Part of the development process for SVS 7 was the increasing prominence of Golden Helix’s services business within the company. Lambert estimated that as much as a third of the privately held company’s revenues this year might come out of the large projects it runs in its labs.
“We have had these collaboration arrangements and analyzed as a service large-scale and small-scale studies,” Lambert said. “We have also had a dozen or so data test sites where we got tremendous amounts of feedback from our users. In the process of improving our software, we thought about overcoming constraints, and so we were open to meeting their needs best.”
Andy Ferrin, director of sales and marketing at Golden Helix, told BioArray News last week that the company is involved in “several copy number association studies, SNP-association studies, and diagnostics development” via its services business. The company performs analysis on its customers’ datasets. “We can combine SNP, CNV, expression, and clinical data all in concert with each other,” he said.
Ferrin said that there is no one company that competes against Golden Helix head to head. “There are a very small number of competitors for a very small market,” he said. “If you look at the [software] market for genome-wide studies or association studies, there really is nobody else than us.”
[ pagebreak ]
One customer group Golden Helix is trying to attract comprises researchers who are newer to GWAS and who lack the bioinformatics skills of trained statisticians. As John Forsythe, director of marketing at the company, told BioArray News last week, the “market is still growing for genome-wide analysis because the cost of arrays is going down and the size is getting bigger, so there are more people coming into the field who have knowledge of genetics but need this kind of software for these large projects.
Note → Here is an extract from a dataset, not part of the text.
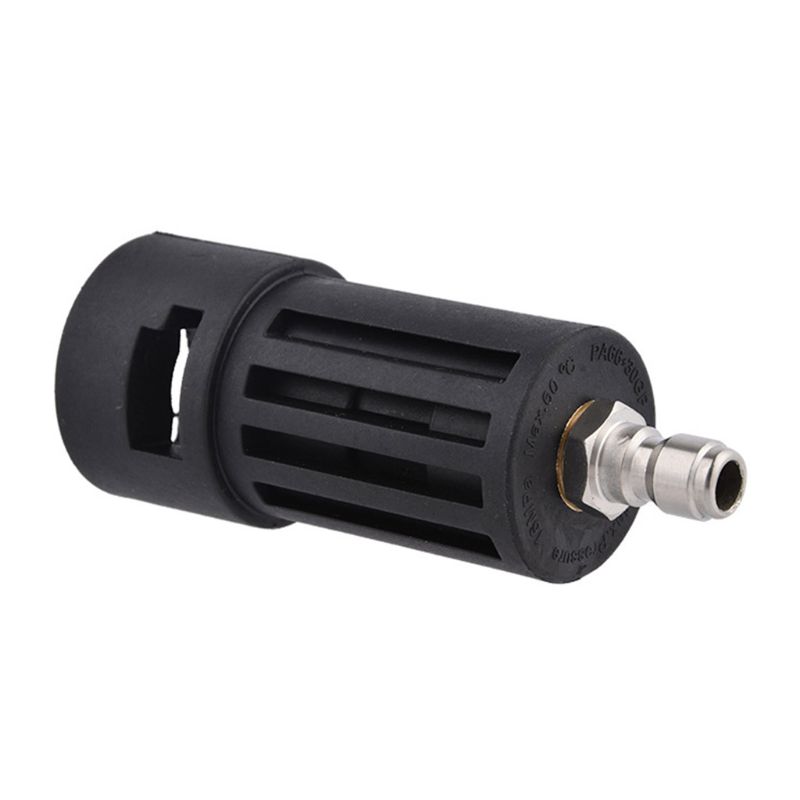 Pressure Washer Conversion Adapter for Karcher K Series 1/4 Quick Connect Bayonet Connector Foam Pot Cleaning Lance
Pressure Washer Conversion Adapter for Karcher K Series 1/4 Quick Connect Bayonet Connector Foam Pot Cleaning Lance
Peter Gregersen, a geneticist at the Feinstein Institute for Medical Research in Manhasset, NY, said that he has upgraded SVS 7 so that he can look at the large volumes of data produced at FIMR without the aid of bioinformaticists.
“We are producing somewhere around 3 million-4 million genotypes per week and there is a fairly high production of data,” Gregersen told BioArray News this week. “I have a staff of statistical geneticists who do the bulk of the analysis, but it is nice to look at the data, to be able to cut it, send it to people, cut it into small sections so that someone like myself can do the analysis,” he said.
Gregersen said that his staff uses all the “standard, free available software that is out there available for analysis,” but said that he personally uses the software because it “enables the non-expert statistical geneticists to look at the data and ask questions about it without having to learn every last little program.”
Andrew Hicks, a geneticist at the European Academy Bozen in Italy provided a similar assessment of SVS 7. “We have a full statistics department here that is used to handling things in different platforms,” Hicks said. “Where Golden Helix fits in for us is that our lab group is not qualified statisticians and are not trained to manipulate data sets, it allows us to handle the data for preliminary exploration.”
Hicks said he is unaware of competitive packages to SVS 7, though there are free tools available. According to Hicks, all software packages, including SVS, should be improved in the future to facilitate meta-analysis of data sets.
“I think there is a little bit of a disconnect between what a statistician can do scripting through an analysis package and what is available through these software packages,” Hicks said. “A lot of the packages should enable multiple centers doing meta-analysis of certain data. Another issue is we have a high degree of relatedness between samples, if that degree of relatedness rises above a certain threshold, then the genomic control, that method of correcting isn’t robust as it needs to be.”